GIVEN INFORMATION Block Start
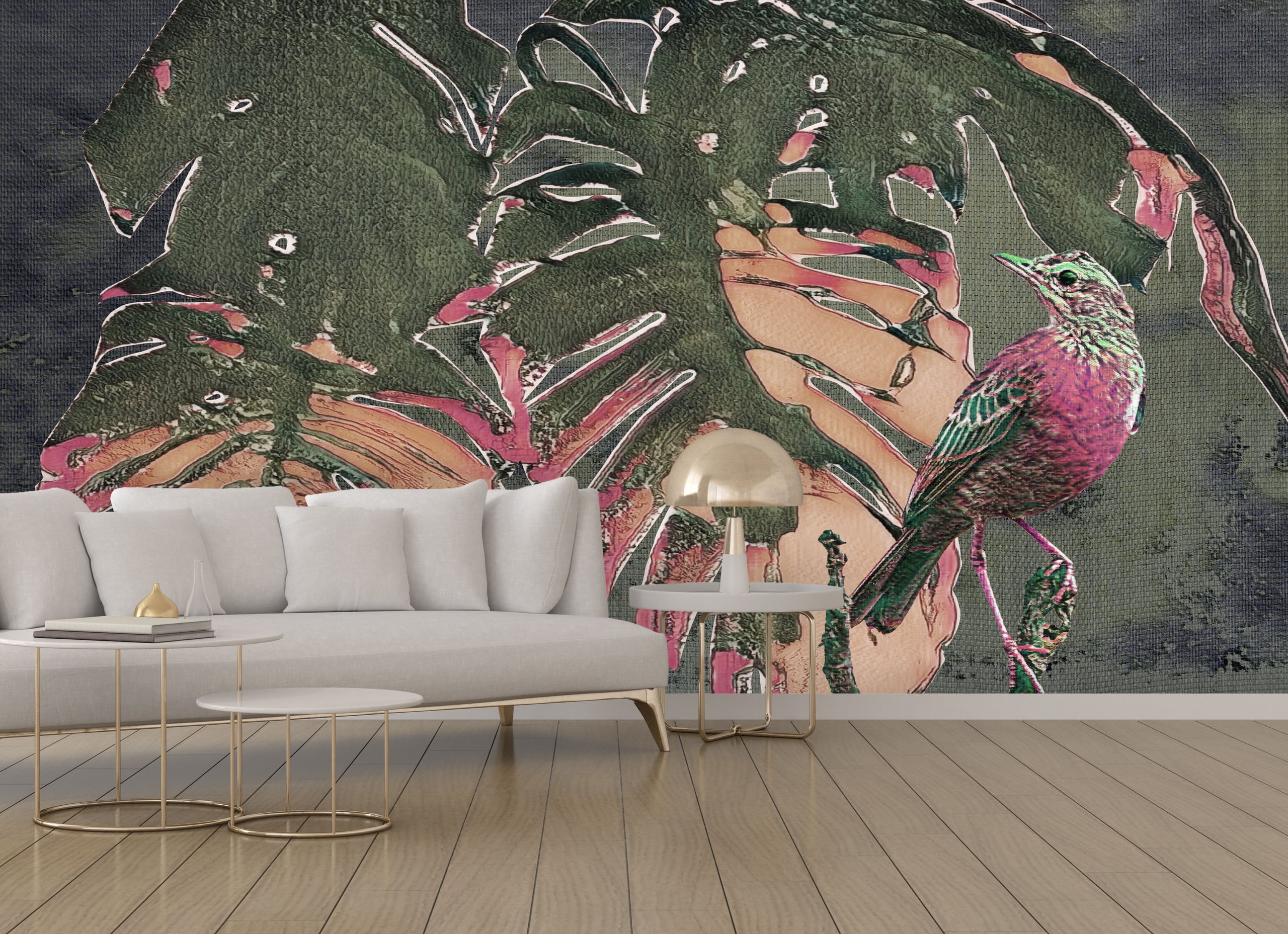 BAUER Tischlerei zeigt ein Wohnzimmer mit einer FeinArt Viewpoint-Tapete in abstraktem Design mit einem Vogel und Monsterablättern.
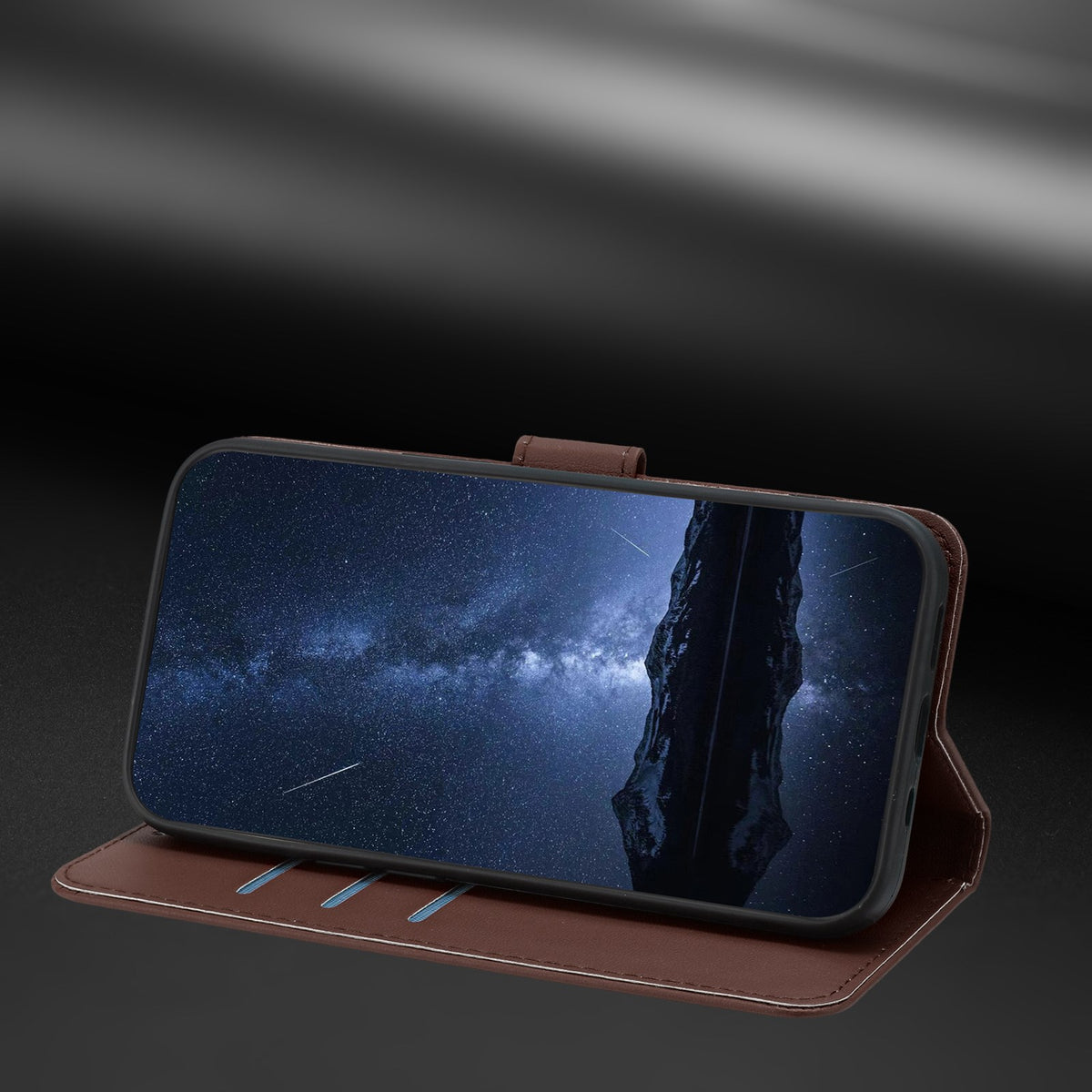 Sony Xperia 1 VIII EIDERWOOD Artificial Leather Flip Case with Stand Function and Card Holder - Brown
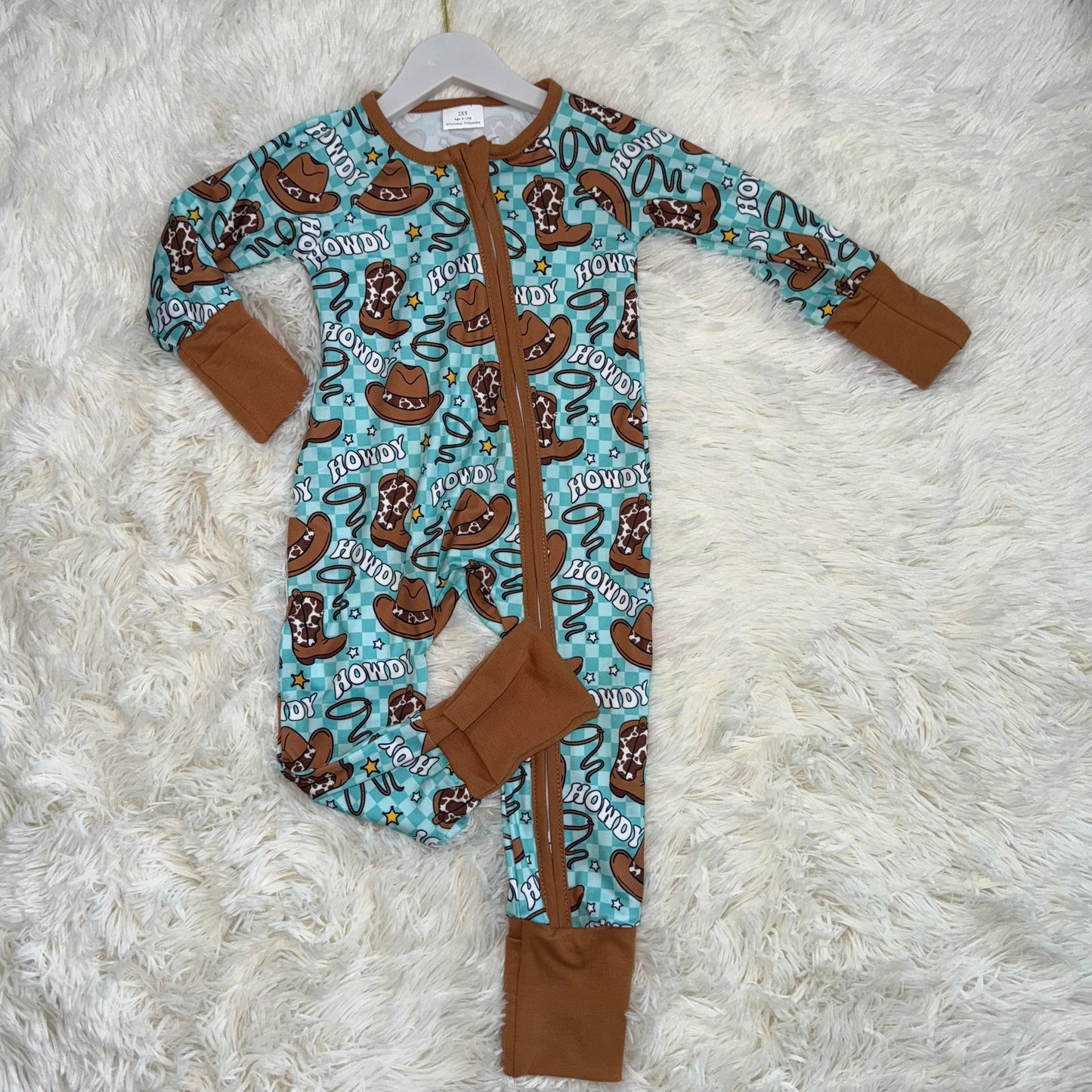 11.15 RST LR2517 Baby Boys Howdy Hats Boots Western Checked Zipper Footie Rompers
GIVEN INFORMATION Block End
ASSIGNMENT: Please print the material exactly as given above, omitting the pictures.

WRITTEN REPLY:
 BAUER Tischlerei zeigt ein Wohnzimmer mit einer FeinArt Viewpoint-Tapete in abstraktem Design mit einem Vogel und Monsterablättern.
 Sony Xperia 1 VIII EIDERWOOD Artificial Leather Flip Case with Stand Function and Card Holder - Brown
 11.15 RST LR2517 Baby Boys Howdy Hats Boots Western Checked Zipper Footie Rompers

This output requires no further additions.